The 1859 Prize of the Academy of Sciences had three high quality entries. They were from the two Frenchmen Bour and Bonnet, and from the Italian Codazzi. All three pieces of work are important contributions to differential geometry but, although the manuscripts of Bour and Bonnet were published in Comptes-Rendus des séances de l'Académie des sciences fairly soon after the prize was awarded, Codazzi's entry was not published until 1883 (10 years after his death). Codazzi's submission for the prize contained a result which gave necessary and sufficient conditions for one surface to be mapped to another. It also contained his famous formulas which proved important in the theory of surfaces. These are now called the Mainardi-Codazzi formulas and we explain below the role played by Gaspare Mainardi in their discovery.

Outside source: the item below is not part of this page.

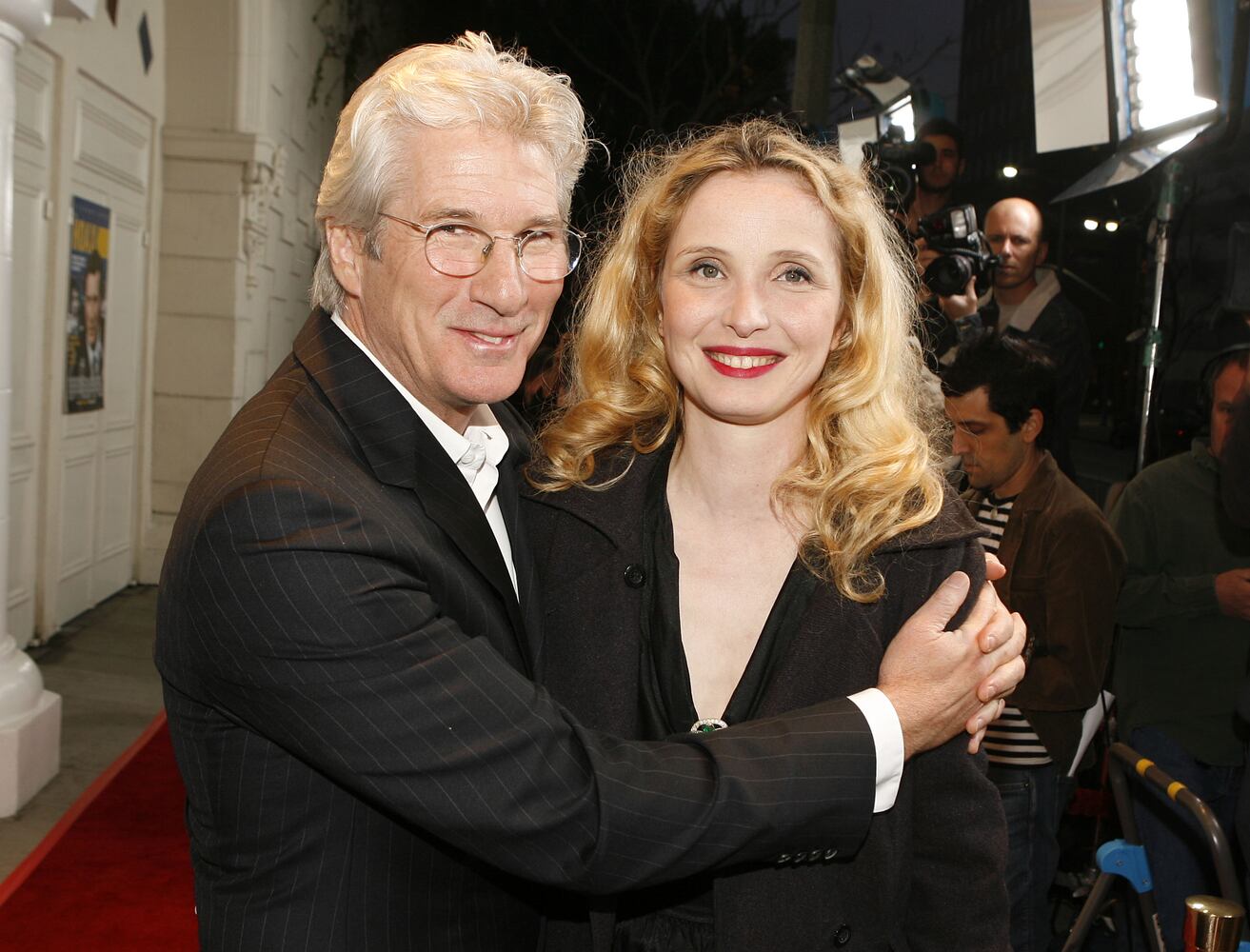 Richard Gere -- Older leading men and the younger actresses they're cast with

The formulas give two relations between the first and second quadratic forms over a surface together with an equation, already found by Gauss, which gives necessary and sufficient conditions for the existence of a surface which admits two given quadratic forms. Bonnet used Codazzi's formulas to prove an existence theorem in the theory of surfaces.
Codazzi was not the first to discover these formulas since Mainardi, who taught at the University of Pavia, had published them in a paper of 1856. The two mathematicians, however, made their discoveries completely independently of each other. Although the two contributions were equivalent, Codazzi gave a simpler formulation, and much wider applications than Mainardi. The article [3] shows that, in 1853, Karl M Peterson, then a student of Minding at the University of Dorpat (now named Tartu), submitted a dissertation containing a derivation of two equations equivalent to those of Mainardi and Codazzi and outlining a proof of the fundamental theorem of surface theory.

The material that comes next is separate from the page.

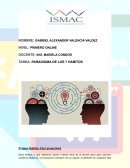 TAREA: PARADIGMA DE LOS 7 HABITOS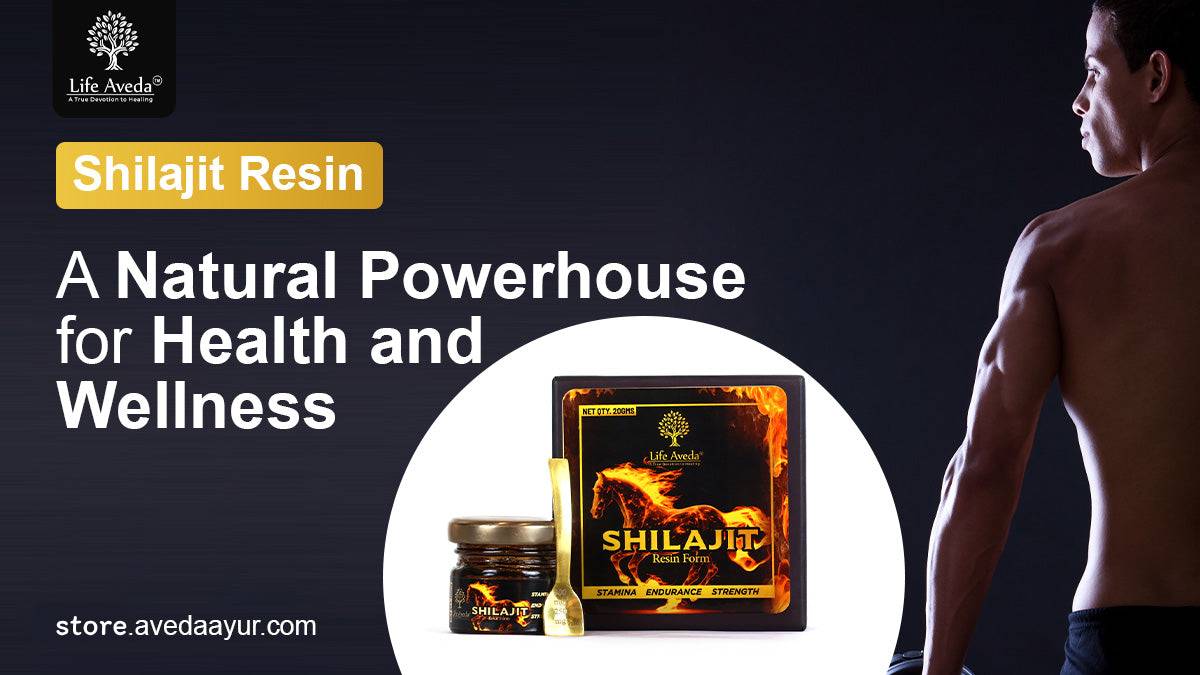 Unveiling the Wonders of Shilajit Resin: A Natural Powerhouse for Health and Wellness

Certainly Codazzi became well known for his contributions to differential geometry and this led to his appointment to a chair of algebra and analytic geometry at the University of Pavia in 1865. He was now in a much better position to extend his research with the security of a university post meaning he felt under far less pressure than he had before. His researches after his appointment were on curvilinear coordinates and he published these results in Sulle coordinate curvilinee d'una superficie e dello spazio, a five part paper the first of which appeared in 1867, the second and third parts in the following year, with the final two parts in 1870 and 1871. Although, as we mentioned above, Codazzi's submission for the 1859 Grand Prix was not published until ten years after his death, nevertheless his famous formulas appear in this five part paper. He remained at the University of Pavia for the rest of his life, although he only lived for a further eight years after his appointment to the chair of algebra and analytic geometry. He did, however, hold the chair of theoretical geodesics at Pavia for a while.
Codazzi also published on isometric lines, geodesic triangles and the stability of floating bodies.